• **SOURCE MATERIAL**
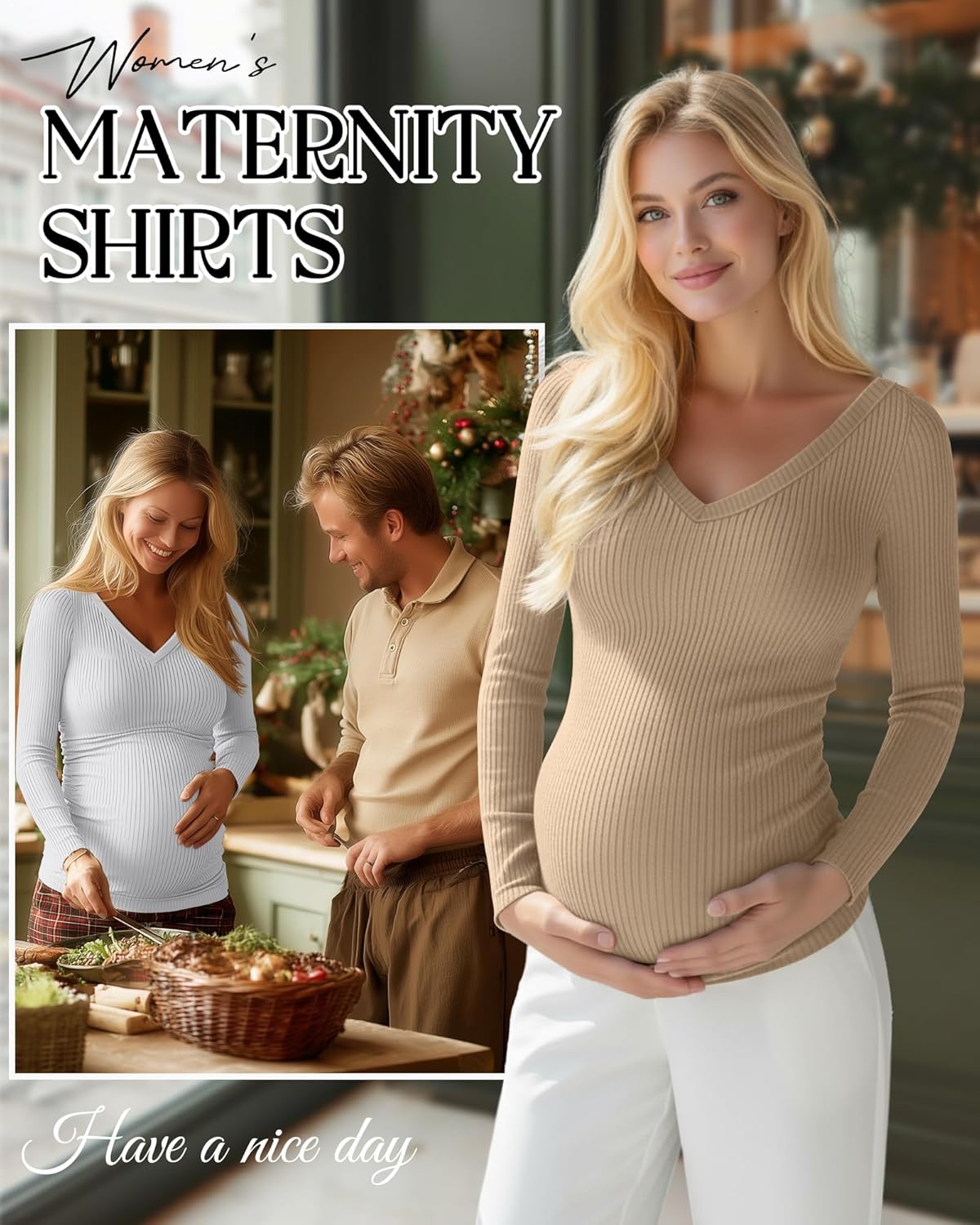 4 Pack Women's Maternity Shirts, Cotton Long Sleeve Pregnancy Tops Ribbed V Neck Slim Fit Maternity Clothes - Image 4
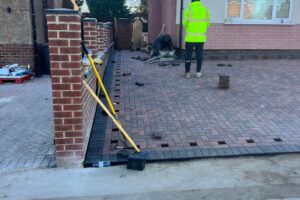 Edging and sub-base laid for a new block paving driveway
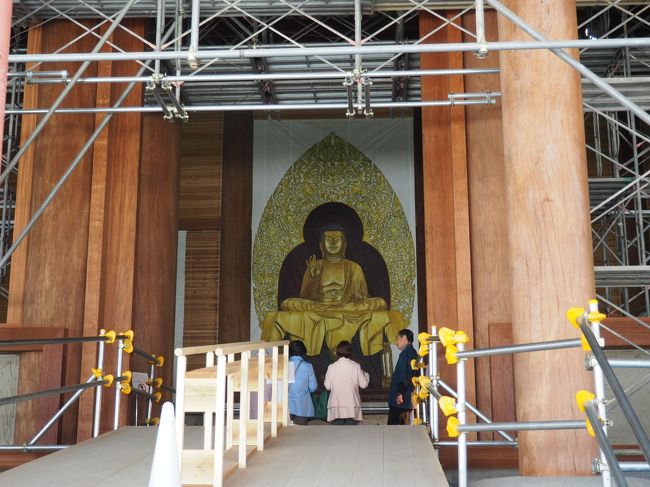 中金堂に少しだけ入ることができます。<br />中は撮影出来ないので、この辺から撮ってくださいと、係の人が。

• **ASSIGNED TASK**
Nothing but the pictures may be dropped; restate the material word for word.

• **RESPONSE TO THIS TASK**
 4 Pack Women's Maternity Shirts, Cotton Long Sleeve Pregnancy Tops Ribbed V Neck Slim Fit Maternity Clothes - Image 4
 Edging and sub-base laid for a new block paving driveway
 中金堂に少しだけ入ることができます。<br />中は撮影出来ないので、この辺から撮ってくださいと、係の人が。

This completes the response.